Elternstreit: Was gilt bei der Sorgerechtsvollmacht?

Wann ist das gemeinsame Sorgerecht aufzuheben? Und wann kann eine Vollmacht eine Alternative sein? Das Amtsgericht Frankenthal hat entschieden, dass eine umfassende Sorgerechtsvollmacht der Übertragung der alleinigen elterlichen Sorge auf einen Elternteil nicht entgegensteht, wenn den Eltern die für die Vollmachtsausübung erforderliche Kommunikationsfähigkeit oder -bereitschaft fehlt.

Darum geht es

Die Antragstellerin und der Antragsgegner sind getrenntlebende Eheleute. Das Scheidungsverfahren ist derzeit noch anhängig. Aus der Ehe sind drei minderjährige Kinder hervorgegangen. Die Eltern üben das Sorgerecht bislang gemeinsam aus. 
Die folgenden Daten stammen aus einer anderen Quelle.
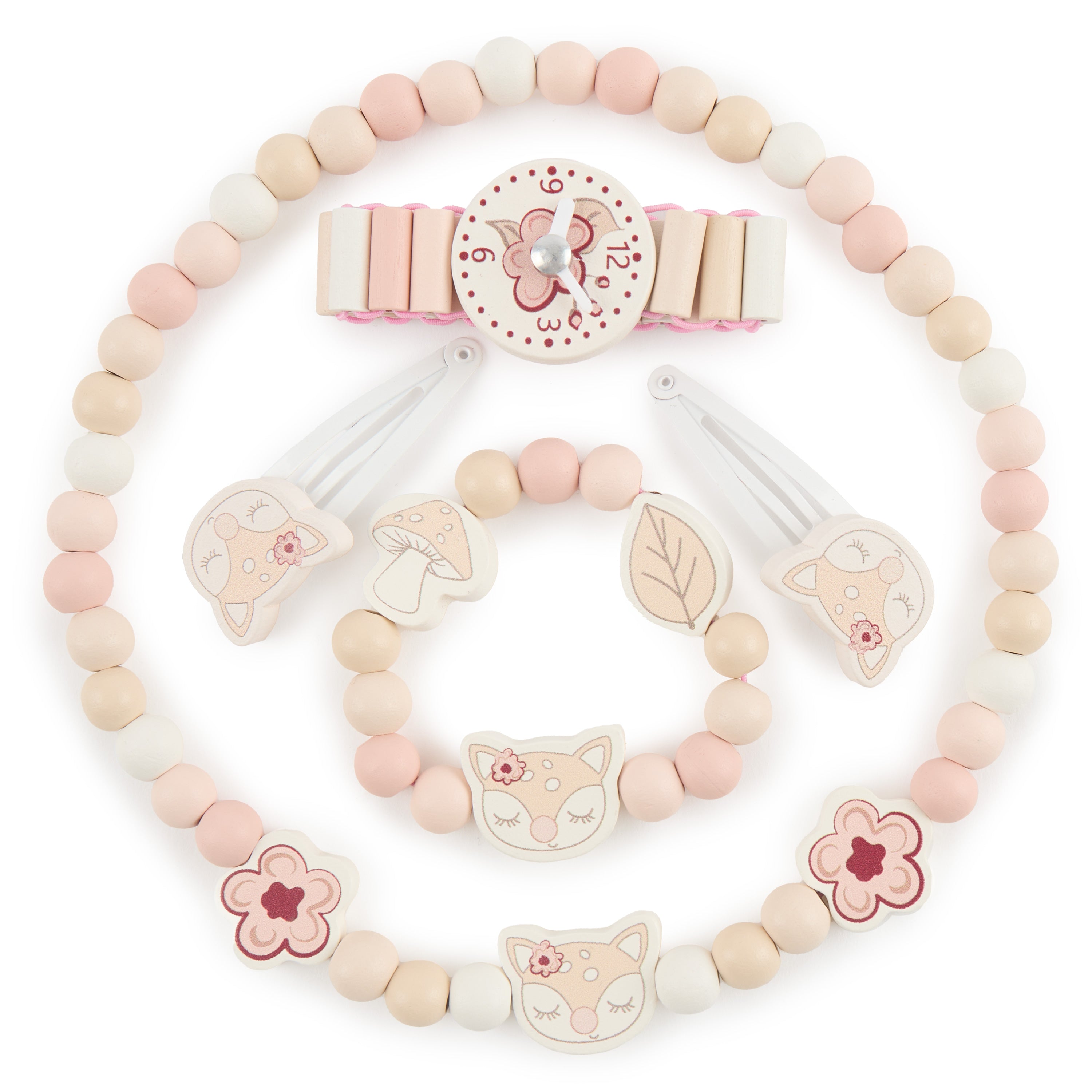 Holzschmuckset Reh Ella FSC®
Zwischen den Beteiligten waren bereits diverse andere Familienverfahren anhängig. Seit ungefähr eineinhalb Jahren kommunizieren die Eltern praktisch nicht mehr miteinander. Zuvor gab es in der Zeit des gemeinsamen Zusammenlebens immer wieder heftige Auseinandersetzungen, die teilweise in gewalttätigen Übergriffen endeten. 

Unstreitig hat der Antragsgegner die Antragstellerin hierbei u.a. geschlagen und im Beisein der Kinder demonstrativ den Weihnachtsbaum der Familie umgeworfen. Diverse andere eskalierende Umstände und die genauen Hergänge und Verursachungsbeiträge sind zwischen den beteiligten Eltern streitig. 

Im Anhörungstermin hat der Antragsgegner die Antragstellerin umfänglich hinsichtlich der elterlichen Sorge bevollmächtigt. Die Antragstellerin begehrt dennoch die Übertragung der alleinigen elterlichen Sorge auf sich.

Wesentliche Entscheidungsgründe

Das Amtsgericht (Familiengericht) Frankenthal hat die gemeinsame elterliche Sorge aufgehoben.

Gründe für die Aufhebung der gemeinsamen Sorge liegen dann vor, wenn der im Rahmen der gemeinsamen Sorge notwendigen Konsensfindung unüberwindbare Hindernisse entgegenstehen. 

Ist das Verhältnis der Eltern von Gewaltanwendung eines Elternteils gegenüber dem anderen gekennzeichnet und hat dies negative Auswirkungen auf das Kind, so entspricht die Fortsetzung der gemeinsamen elterlichen Sorge nicht mehr dem Kindeswohl (vgl. BVerfG FamRZ 2004, 354, 355). Unabhängig davon muss nach dem Gericht für die Beibehaltung der gemeinsamen elterlichen Sorge eine objektive Kooperationsfähigkeit und eine subjektive Kooperationsbereitschaft der Eltern vorliegen. 

Eine solche Kooperationsfähigkeit und -bereitschaft sei v.a. dann anzunehmen, wenn zu erwarten ist, dass beide Elternteile in Sorgeangelegenheiten von erheblicher Bedeutung verständigungsbereit zusammenarbeiten können und wollen und bei ihnen ein Mindestmaß an Übereinstimmung in wesentlichen Bereichen der elterlichen Sorge besteht.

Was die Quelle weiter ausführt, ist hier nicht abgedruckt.